Trai Turner Talks Mentoring Young Linemen, Including Ignoring Their Press

Ben Roethlisberger offensive line Kendrick Green Kevin Dotson Trai Turner

Being a leader and a mentor amongst a group of individuals means that you have to be flexible. Everybody will respond to different things in different ways, and it’s a matter of finding what is effect for whom. Yet, through experience, you find certain things that are more universal than others.

That’s where Trai Turner is in his position as a leader of the Pittsburgh Steelers’ offensive line, a group that includes two starters and a second-year player in the starting lineup, himself an experienced veteran with five Pro Bowls in his back pocket—which is ammunition when he needs to establish his leadership credentials, as someone worth listening to.

One thing he’s learned is quite simply that nobody’s perfect, and young players, especially so. “They’re young guys. I think sometimes you get ahead of yourself, and we say, like, a young guy’s playing like he’s in his third or fourth year. A younger guy is gonna make young guy mistakes”, he told reporters yesterday. “I can’t be mad at them for making the same mistakes as a [young] offensive lineman”.

Turner isn’t all that old himself, still just 28 years old until June of next year, but with now exactly 100 games under his belt—plus postseason experience—he has seen just about everything that there is to see, and has learned what works and what doesn’t, as well as what to put behind you.

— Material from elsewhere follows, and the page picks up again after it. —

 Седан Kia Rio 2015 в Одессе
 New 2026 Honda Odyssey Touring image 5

“Staying out of the articles, staying out of the magazines and all the papers, not reading what people say about you, whether it be good or bad, keeping your head down and working, I think that’s pivotal”, he said, though we know that not every player does that, at least not consistently. Some of them surely even use it as motivation.

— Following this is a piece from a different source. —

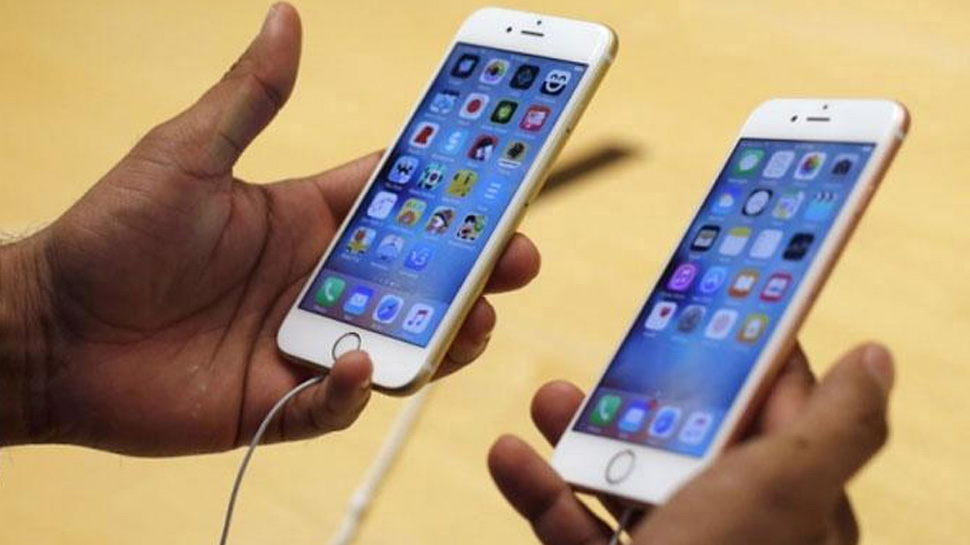 नोएडा में बन रहा Samsung का नया फोन, कीमत में Xiaomi को मिलेगी टक्कर नोएडा में बन रहा Samsung का नया फोन, कीमत में Xiaomi को मिलेगी टक्कर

I don’t know if guys like Kendrick Green and Dan Moore Jr. are reading their press, but it’s especially important as a rookie to have blinders on. You’re in fight or flight mode, just figuring out how everything works. You don’t need every mistake pointed out to you, especially when you’re going to get it from your coaches, or from a guy like Turner, in the film room.

As for Turner himself, he has been gaining more consistency in his own play over the past few weeks, as the offensive line has grown as a whole. That unit is starting to look like something that could help steer this offense. But we’re still a couple steps away from really putting it on a pedestal and calling it an asset. We’re not about to see three Pro Bowlers a year from them or anything.